- [Problem requirements]: Output the line that contains "ABC SEVILLA 13-02-1957 página 19" together with each line after it, through the final line of the listing below, word for word; omit pictures.

- [Data]:
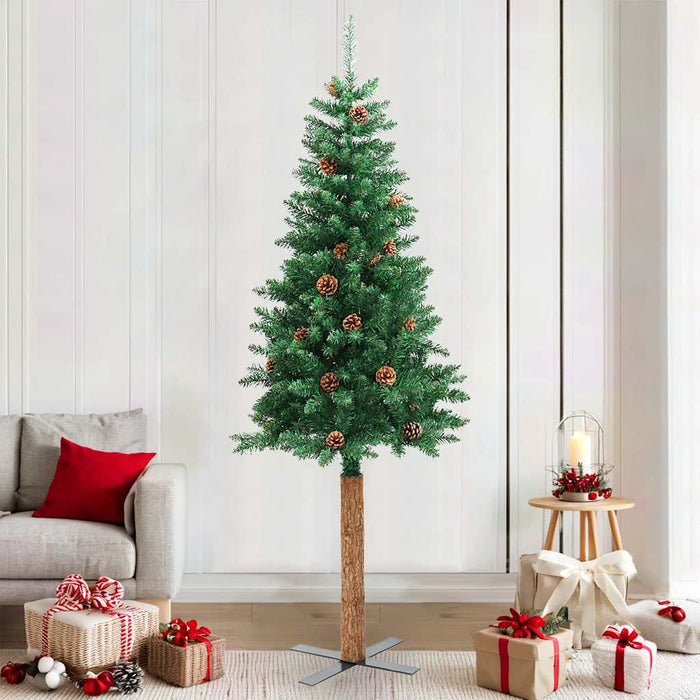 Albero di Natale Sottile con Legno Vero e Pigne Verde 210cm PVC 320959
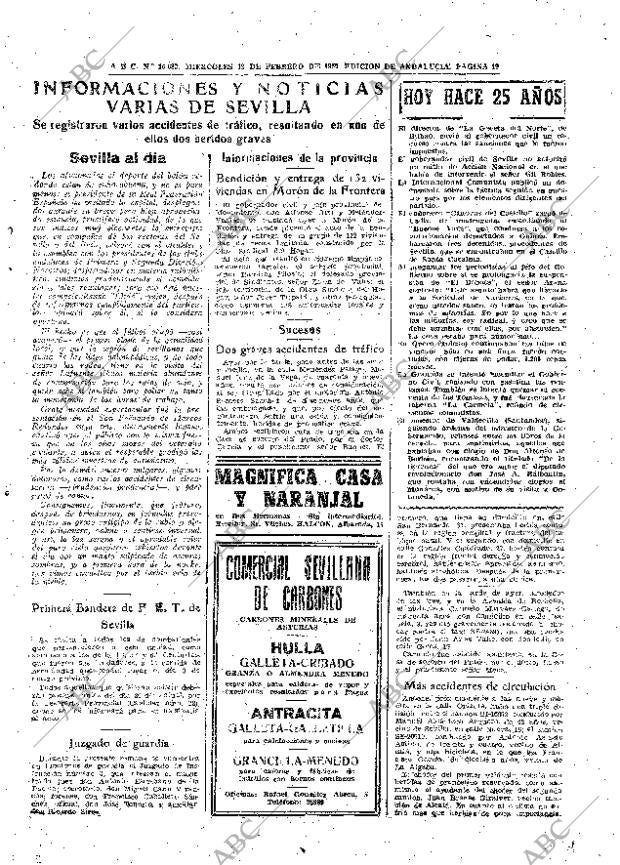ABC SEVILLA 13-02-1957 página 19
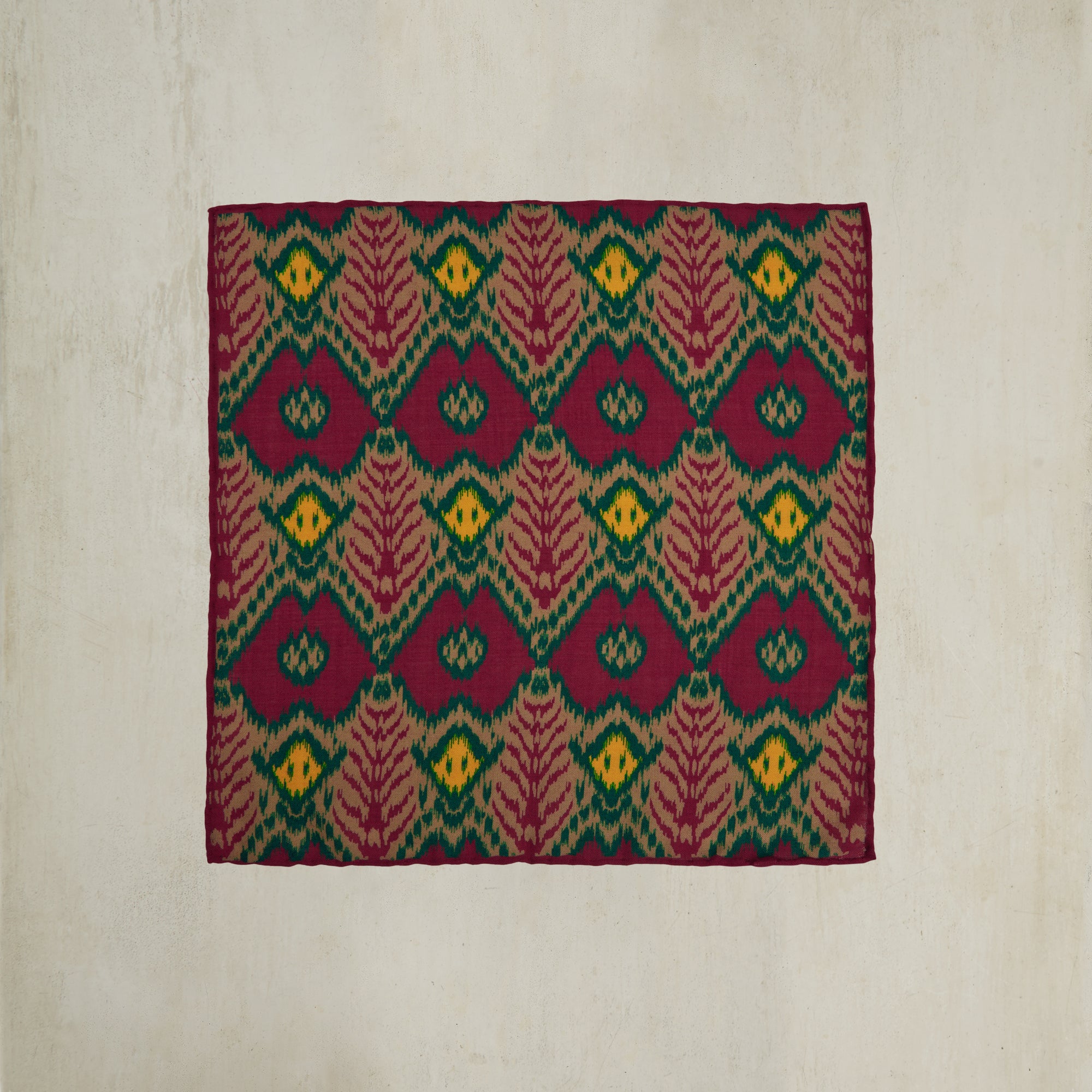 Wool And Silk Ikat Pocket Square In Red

- [Exercise result]:
ABC SEVILLA 13-02-1957 página 19
 Wool And Silk Ikat Pocket Square In Red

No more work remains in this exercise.